In software development, every business idea travels from the head of the product owner through the engineering team to the release to production. In software development companies, a business analyst is a person who supports the business idea on this journey: a BA works with the stakeholders to analyze, scope, document, and communicate the requirements that are needed to be implemented to see this idea in production.
It is essential to involve business analysts as early as possible in the project as they use tools and techniques to discover gaps in logic before a line of code is written. Fixing issues before coding costs way less money than when the feature is coded, deployed, and UAT is passed.
What is a business analyst in software development? The added value of having a business analyst at the project lays in:
- Better feature prioritization.
- Reducing development time as more issues can be clarified prior to taking a feature into development.
- Decreasing the cost of development as issues and logic gaps are discovered before writing the code.
- Better requirements eliciting as a BA uses a set of techniques valid for different products, stakeholders, and contexts.
Let me show you a quick example supporting the need for business analysis in software development. One of the services we developed at Waverley required user registration. What could possibly go wrong if we’d implemented such a feature a thousand times?

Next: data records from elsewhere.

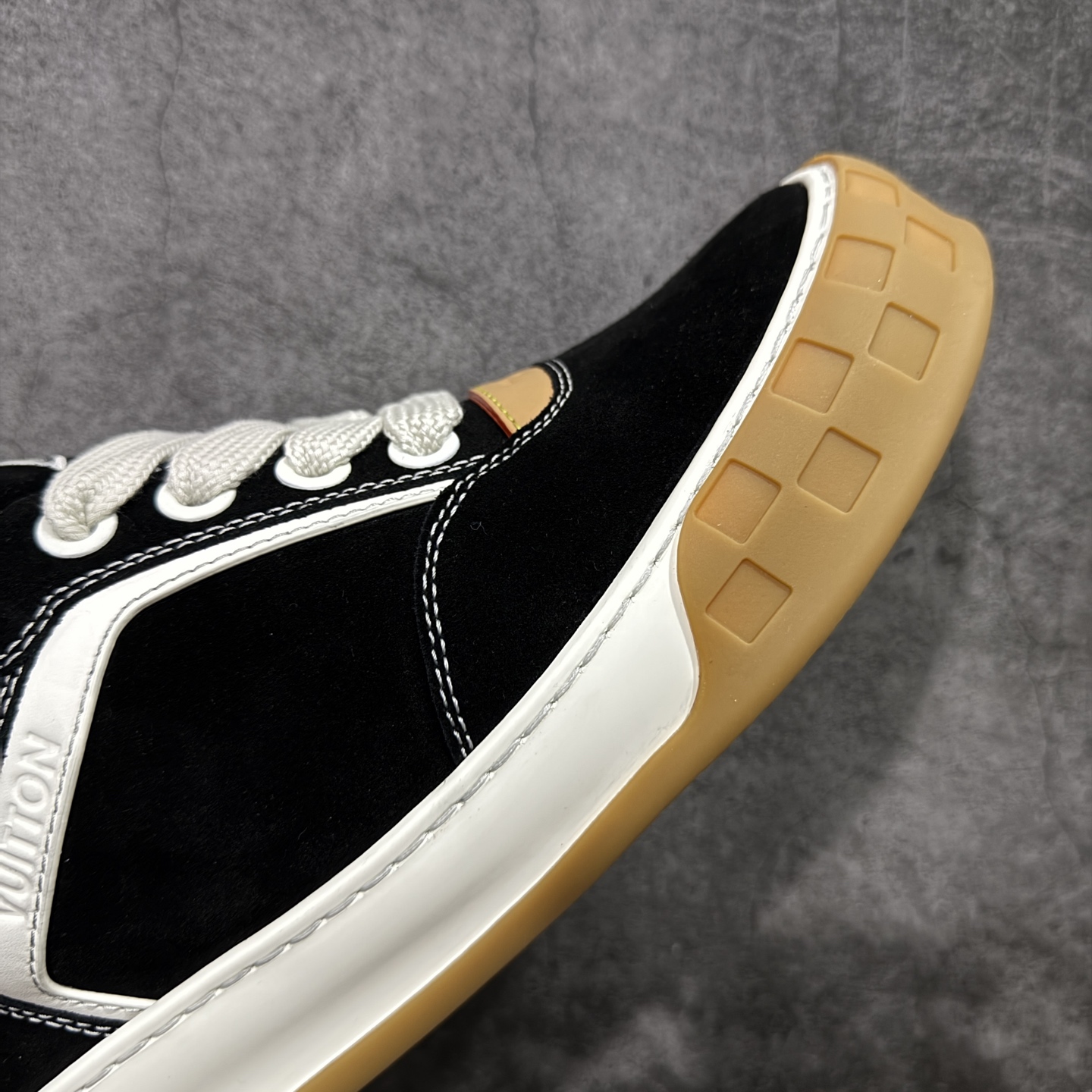 图片[6]-【佛山超a版】LV 路易威登LOUIS VUITTON Tilted Low Sneakers 倾斜系列低帮复古休闲运动文化百搭板鞋 2026早春款板鞋 市场最顶天花板 正确细节 完美版型做工 欢迎对比市场任何品质的货品 广东原产 升级原楦型开发纸版 包装说明书防尘布袋物件(附送官方快递加固牛皮纸外盒!!)#采用Monogram 丹宁布鞋面材质#鞋垫嵌入软脚感EVA物料#后跟耐弯折滴塑支撑片#全新开发TPR光泽组合隔色鞋底❗ 尺码：39 40 41 42 43 44 45-选品中心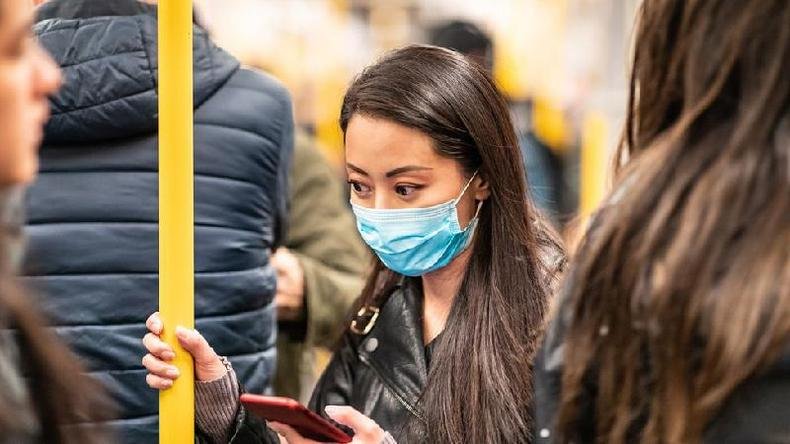 Os especialistas recomendam o uso de máscaras mesmo que uma pessoa não tenha sintomas(foto: Getty) Os especialistas recomendam o uso de máscaras mesmo que uma pessoa não tenha sintomas(foto: Getty)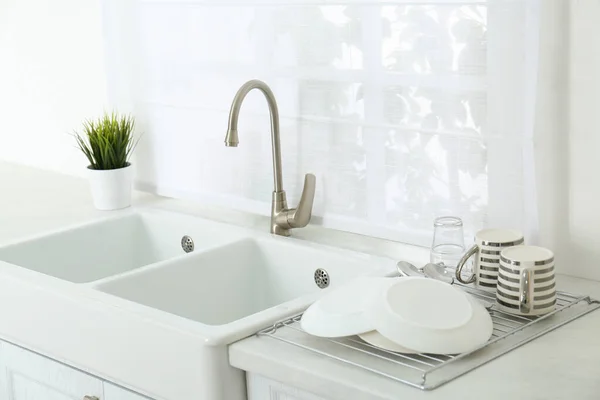 Clean Dishes Drying Rack Modern Kitchen — Stock Photo, Image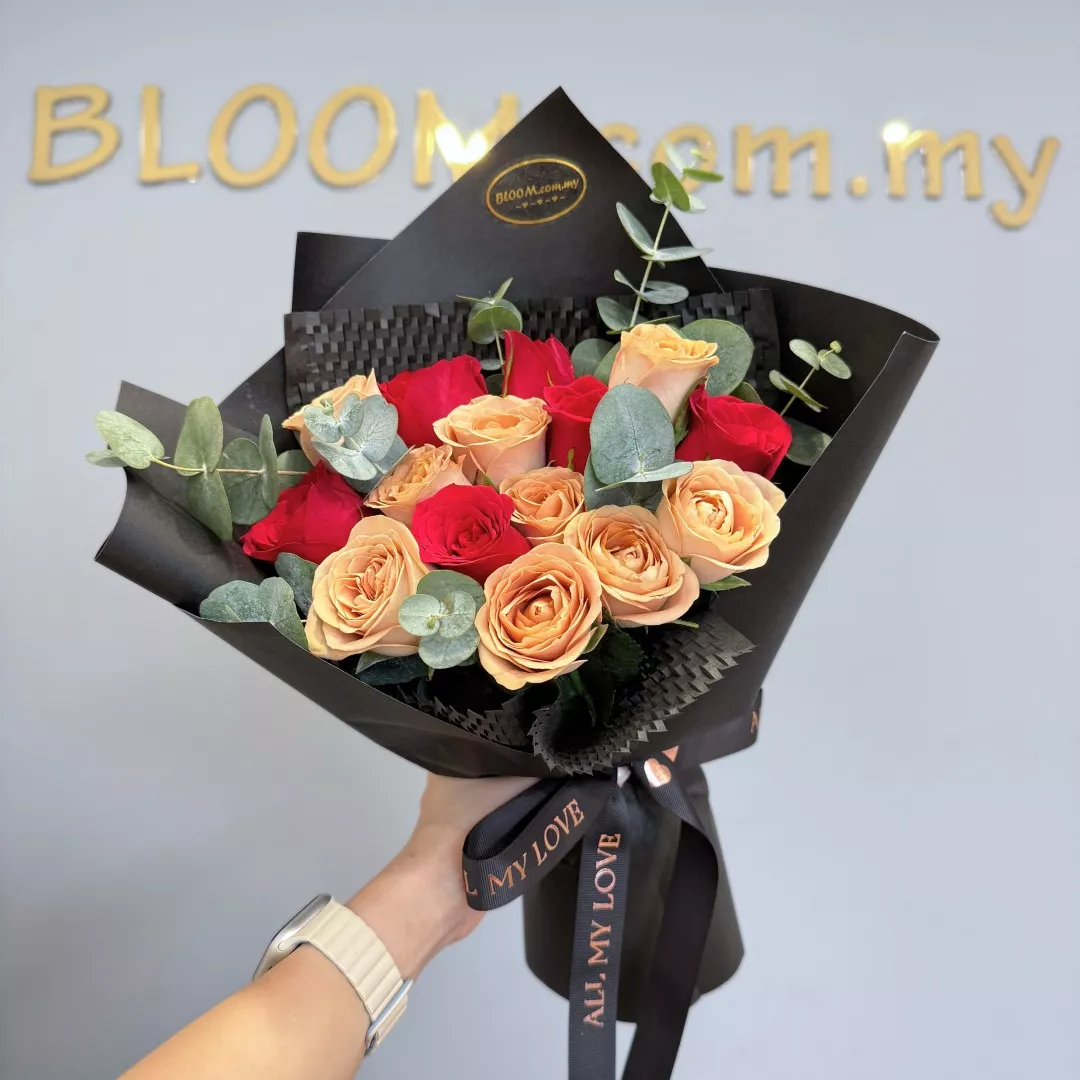 Valentine Hand Bouquet 11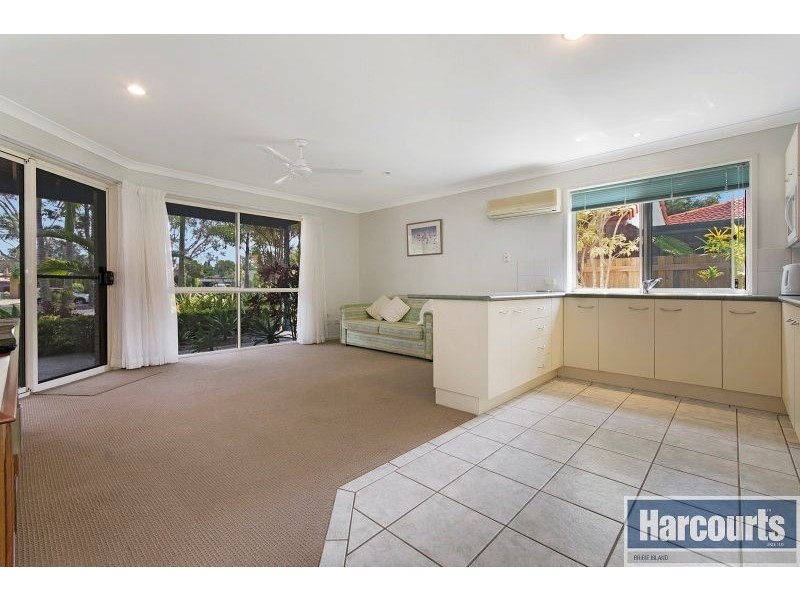 17 Eagle Ct, Banksia Beach QLD 4507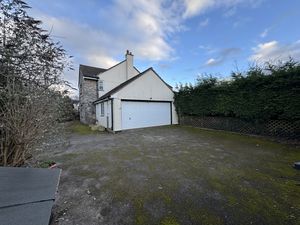 Driveway- click for photo gallery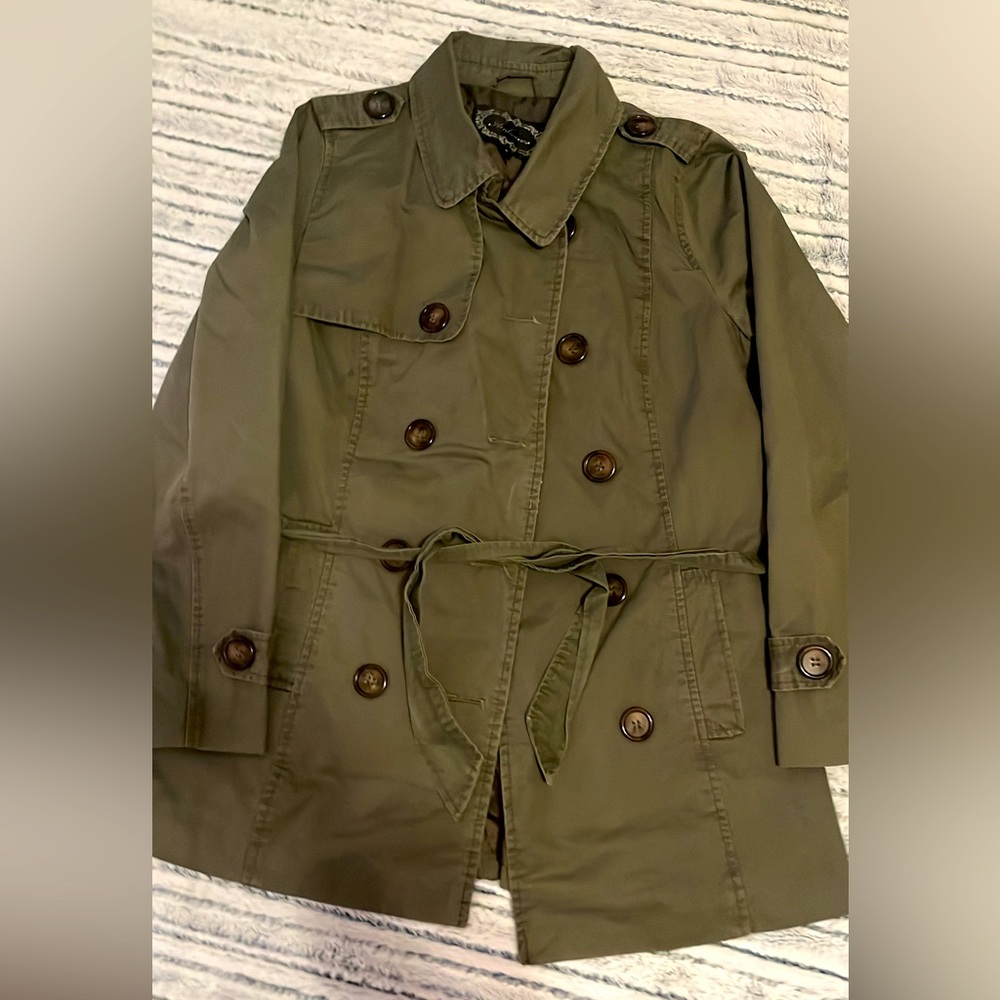 Army green spring jacket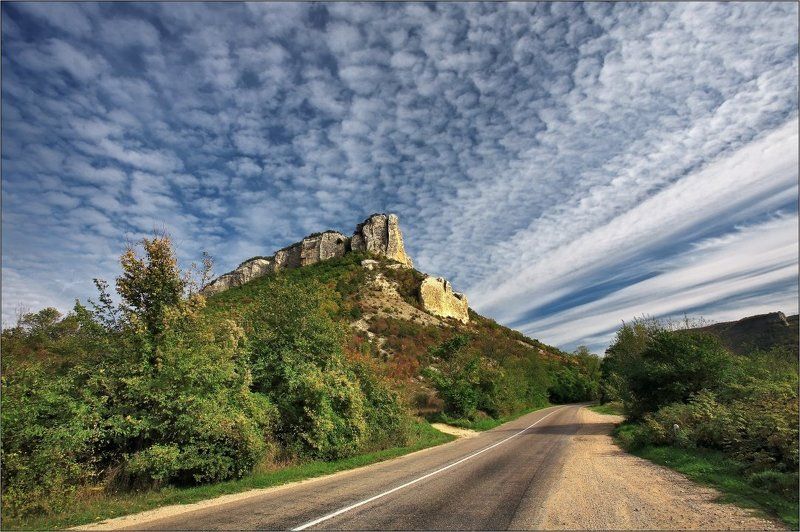 пейзаж По дороге с облаками фото превью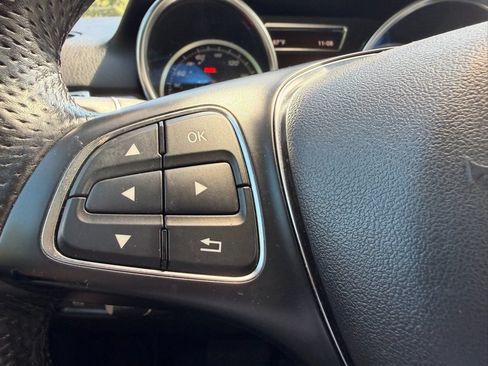 Used 2018 Mercedes-Benz GLE 350 4MATIC image 13
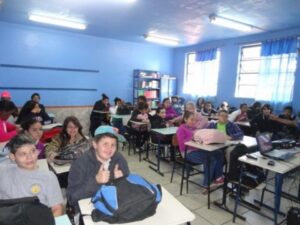 ALUNOS DE EDUCAÇÃO INFANTIL E ENSINO FUNDAMENTAL SE DIVERTEM E APRENDEM A CUIDAR DA NATUREZA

However, after the BA checked the regulations applicable to that type of user, we learned that the service could not store the user’s personal data, such as email or phone number.
That is why the product owner and business analyst revised the user registration process to enable the solution identify a user. Still, no personal information was gathered at the same time. Imagine if the regulatory requirements were discovered after the solution was implemented. A bunch of the change requests would be needed to solve the problem.